Stripe doesn't use Rails. Stripe's application of Ruby is far removed from your typical Rails app. A lot of custom stuff was built into Ruby to make the multi-million line codebase work as well as it does.
I believe Github still use Rails for their main application. Spinning services out into microservices, even ones that are other languages, isn't really a sign that Rails isn't working for them, it's just what happens when companies scale. The company I work for is a Rails backend (React frontend) and we have some services split out into Go based microservices (eg. Twilio webhook handling has been offloaded to Go in Lambda), but it's still very much a Rails app.

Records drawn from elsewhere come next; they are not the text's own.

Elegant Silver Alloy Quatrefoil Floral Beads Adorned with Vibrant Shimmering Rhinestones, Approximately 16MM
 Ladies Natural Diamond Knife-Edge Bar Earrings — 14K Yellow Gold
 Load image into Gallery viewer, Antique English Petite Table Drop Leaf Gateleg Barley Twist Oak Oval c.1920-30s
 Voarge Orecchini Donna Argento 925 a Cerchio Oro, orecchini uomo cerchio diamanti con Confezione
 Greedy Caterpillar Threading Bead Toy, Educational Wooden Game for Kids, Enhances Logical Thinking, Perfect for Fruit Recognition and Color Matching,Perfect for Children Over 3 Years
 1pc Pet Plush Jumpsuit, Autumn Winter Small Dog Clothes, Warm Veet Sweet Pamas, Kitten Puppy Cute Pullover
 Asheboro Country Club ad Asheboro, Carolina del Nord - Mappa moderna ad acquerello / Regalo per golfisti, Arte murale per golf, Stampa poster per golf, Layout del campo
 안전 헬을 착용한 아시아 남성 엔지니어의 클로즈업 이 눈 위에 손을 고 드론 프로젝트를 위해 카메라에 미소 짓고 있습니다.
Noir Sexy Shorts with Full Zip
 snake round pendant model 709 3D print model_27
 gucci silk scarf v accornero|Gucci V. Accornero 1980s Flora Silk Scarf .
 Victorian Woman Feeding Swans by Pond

> Even their frontend I think is now just react
It remains to be seen how successful this is and what the reasons were for the change. Personally I don't like it, it's less reliable and slower than before.
> Ruby's entire programming model was based on the premise that language speed does not matter since most of the time you are waiting on IO / Network.
Couple of points. 1) You probably mean Ruby on Rails and not Ruby and 2) that's not true of either. Ruby or Rails "entire programming model" was not based on thoughts around I/O at all, a huge about of the driving force behind Rails was DHHs ideas about developer happiness, which is intrinsically linked with speed of development.
Discussions about I/O /do/ happen in the Rails community because it's important when you're running a web server which is a lot of the use Ruby/Rails is involved in, but it's not the sole (or even a major) focus of the decisions made for the language or framework.
> Well now, both on Node.js and JVM we have programming models which say that - while I wait for IO / Network let me do some other work or service more requests (Async / Webflux / Coroutines).
Right, but if the goal is to maximise CPU usage of your web servers then you can completely do that using Rails, and have historically been able to do so by spinning up multiple processes in the same way you'd spin up multiple threads in, say, the JVM. Not as convenient perhaps, but a model that's been in use since at least the 90s when I started out. Luckily it turns out that web requests can generally be run in isolation so IPC isn't usually an issue (the same reason why multiple physical web servers is simple, just as multiple processes is).
> IMHO - using Ruby/Rails in 2024 can be wasteful, but of-couse for the right situation it can be a good choice. (Just) For example an enterprise app where you know the number of users will be limited, or when you know the development speed is paramount or where you want to build a quick proptype to test the market out. Rails is a great framework and the productivity is unmatched, but with time a 2-3 years old Rails project is always tricky to maintain.
Wasteful as a generalisation is blunt. Of course it can be wasteful, but so can writing your app in rust, it just depends where the pressures are. I'd suggest that not launching is a far bigger concern to most people at an early stage, and even mid to late stages developer speed is one of the most difficult things to scale.
Personally I'm the CTO of a company that uses Rails (backend, React frontend) and developer speed is /hugely/ important to us. We're always constrained by engineering resources and the speed of Rails development continues to be a huge win for us. We do have scaling issues, but 99% of the time they're not Rails issues, they're in the database.
IMHO - using Ruby/Rails in 2024 can be wasteful, but of-couse for the right situation it can be a good choice. (Just) For example an enterprise app where you know the number of users will be limited, or when you know the development speed is paramount or where you want to build a quick proptype to test the market out. Rails is a great framework and the productivity is unmatched, but with time a 2-3 years old Rails project is always tricky to maintain.